The dollar yesterday (as represented by (NYSEARCA:UUP)) plummeted 1.71% to close below its 200DMA for the first time since its epic rally from $24.50 to more than $26 last fall.

That move was due, of course, to the Federal Reserve promising to begin unwinding its extraordinarily accommodative policy stance it has had in place since the financial crisis. With the rest of the world's major central banks continuing to engage or even accelerate QE efforts, the dollar was the only major currency with bullish momentum. The Fed made it very clear even at its last meeting that it intends to continue to hike four times in 2016 as its dot plots have suggested. That caused sizable strength in the dollar for the reasons I just stated. However, significant doubt has arisen of late as to whether or not the Fed can really afford to do that this year including from your humble scribe. And that could have very bullish impacts for oil and by extension, the oil majors like CVX.

It is my firm belief - as laid out in this article from last December - that the Fed's mandate of maintaining inflation around 2% and its apparent desire to hike four times this year are diametrically opposed. The Fed cannot reasonably look at inflation that is around zero or even negative and conclude that hiking four times in 2016 is the correct course of action. Of course, employment is the other half of the Fed's mandate and things look positively outstanding on that front so hawkish commentary can be based upon that. But I happen to think the Fed is more worried about deflation at this point than it is in keeping the labor market from getting overheated so I happen to fall into the dovish camp right now. Deflation is a much bigger worry so focus should be on that half of the mandate.

What that means is that the huge unwinding of long USD positions we saw yesterday could easily continue into the rest of the year. This would be great news for any multinational that gets a significant portion of its revenue from outside the US but in CVX' case, it would also accrue the benefit of higher oil prices. While supply and demand data has been bearish for oil for some time, at least some of the beat down the commodity has taken has been due to the fact that its price here is denominated in dollars. This isn't isolated to oil of course as any commodity faces the same fate but in CVX' case, that's what matters. And if the Fed backs off of its guidance for four hikes and the long dollar trade begins to unwind, we could see a powerful rally in oil and other commodities this year.
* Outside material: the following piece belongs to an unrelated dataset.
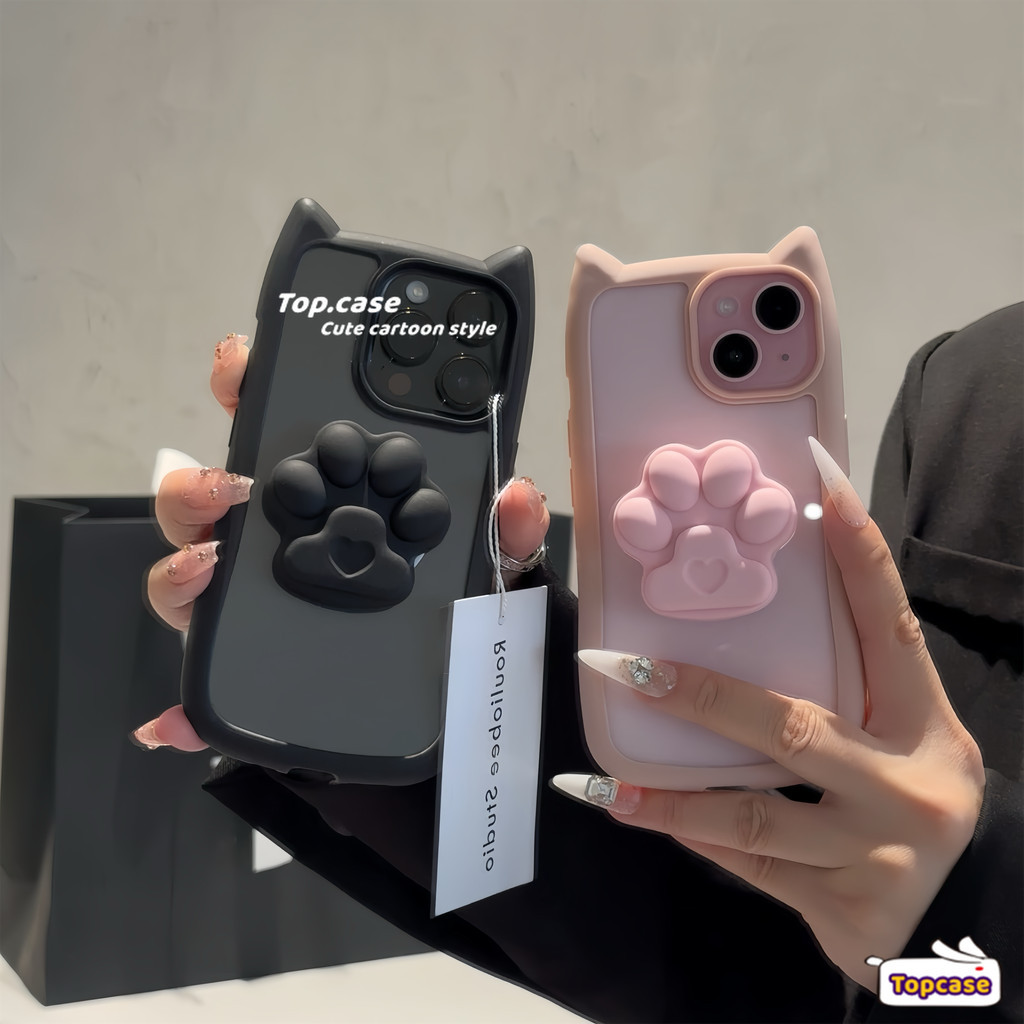 เข้ากันได้กับ iPhone 11 15 14 13 12 Pro Max Cat Scratch Bracket Hot Simple Luxury Ins หูแมวโปร่งใสรวมทุกอย่างเคสโทรศัพท์ปกอ่อน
I personally don't think there is any way the Fed can hike four times this year and in fact, I'm hesitant to assume two hikes at this point. The CME's FedWatch tool has also reversed course as Fed Funds futures traders have unwound bets that the Fed is going to hike a bunch of times this year as well. In fact, there is now just a 40% chance of even one hike in 2016 right now according to FedWatch, something I'm aligned with fundamentally. I just don't think there's any way the Fed will knowingly cause a deflationary environment in the US and that means that four hikes should be off the table.

What this all means is that if the Fed backs off of its guidance for four hikes and the dollar unwinds, oil prices should move up. And once oil stops going down it is easier for speculative longs to power the market higher. That then implies that stocks that are reliant upon higher oil prices like CVX should move higher as we saw yesterday. If oil rallies to, say, $45 or $50, CVX will be a lot higher than it is right now. This has caused me to back off of my bearish stance on CVX and state that I believe the bottom is in. CVX has lots of problems surrounding FCF but its dividend isn't going anywhere and if the Fed can help oil prices increase, CVX will be in good shape. I think if you want to own CVX it is no longer toxic and can be bought for long term holders.

Disclosure: I/we have no positions in any stocks mentioned, and no plans to initiate any positions within the next 72 hours.

I wrote this article myself, and it expresses my own opinions. I am not receiving compensation for it (other than from Seeking Alpha). I have no business relationship with any company whose stock is mentioned in this article.